Now, all through what I’ve said, there’s been this kind of subtle interplay that I want to make sure you see so there’s no confusion. When the scriptures speak about Jesus Christ, they speak in different ways. They speak not only about the Jesus who is historical, who walk the earth, who sweat, who cried, who wept, who died, who bled. But they also speak about the Jesus who comes to us when He says, this is My body and this is My blood. And that sacramental Jesus is just as real as the Jesus we meet in Galilee or in Palestine or anywhere.

And then there is also the Jesus who is somehow mystically present, who somehow is involved in our lives and so in the gospel of Matthew, towards the end, Jesus tells us, disciple, that what you do for the least of my brothers and sisters, you do for me. And finally, when Paul sees the risen Christ and is knocked off of his horse and scales fall from his eyes, he hears first and foremost from that risen Lord, Saul, Saul, why do you persecute me? Not why do you persecute my people? Why do you persecute me?

So today’s gospel is an invitation for us to enter into an incredible mystery of embodiment. It is to see ourselves as members of Christ’s body. It is to find ourselves looking at who Christ is among us.

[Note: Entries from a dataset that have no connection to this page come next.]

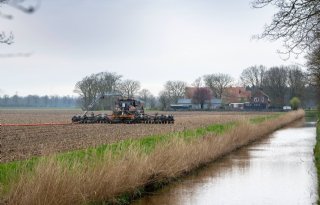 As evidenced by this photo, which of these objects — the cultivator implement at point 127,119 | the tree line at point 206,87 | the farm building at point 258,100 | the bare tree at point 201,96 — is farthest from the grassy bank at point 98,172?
the bare tree at point 201,96

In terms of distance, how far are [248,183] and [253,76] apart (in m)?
115

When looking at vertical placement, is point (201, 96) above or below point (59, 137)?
above

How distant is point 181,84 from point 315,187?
129042 millimetres

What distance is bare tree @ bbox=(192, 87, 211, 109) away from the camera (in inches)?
5022

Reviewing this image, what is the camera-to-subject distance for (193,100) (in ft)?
425

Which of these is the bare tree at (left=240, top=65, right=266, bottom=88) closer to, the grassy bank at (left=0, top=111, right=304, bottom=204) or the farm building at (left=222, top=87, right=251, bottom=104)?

It is to start to care for one another and to extend the beautiful nature of our world, the beautiful nature of our love, the power that Christ has given us to proclaim freedom to captives and to clothe the hungry, to see in all that we do a kind of inclusion into the body of Christ, a kind of adding to our membership, a kind of transformation of who we are and to who God has made us able to become through God’s spirit.

It’s by tending to this scripture and making it real in our lives of entering into the drama of it, that we begin to see what it means to be revived. May that revival come for you in this time of testing, which as we read in 1 Peter, that we are being tried like gold in a furnace. May that revival be real to you in your life and what you’re doing, may your eyes be opened. May you see. May you be drawn into deeper intimacy with the Christ who was wounded and died so that you might be healed and live.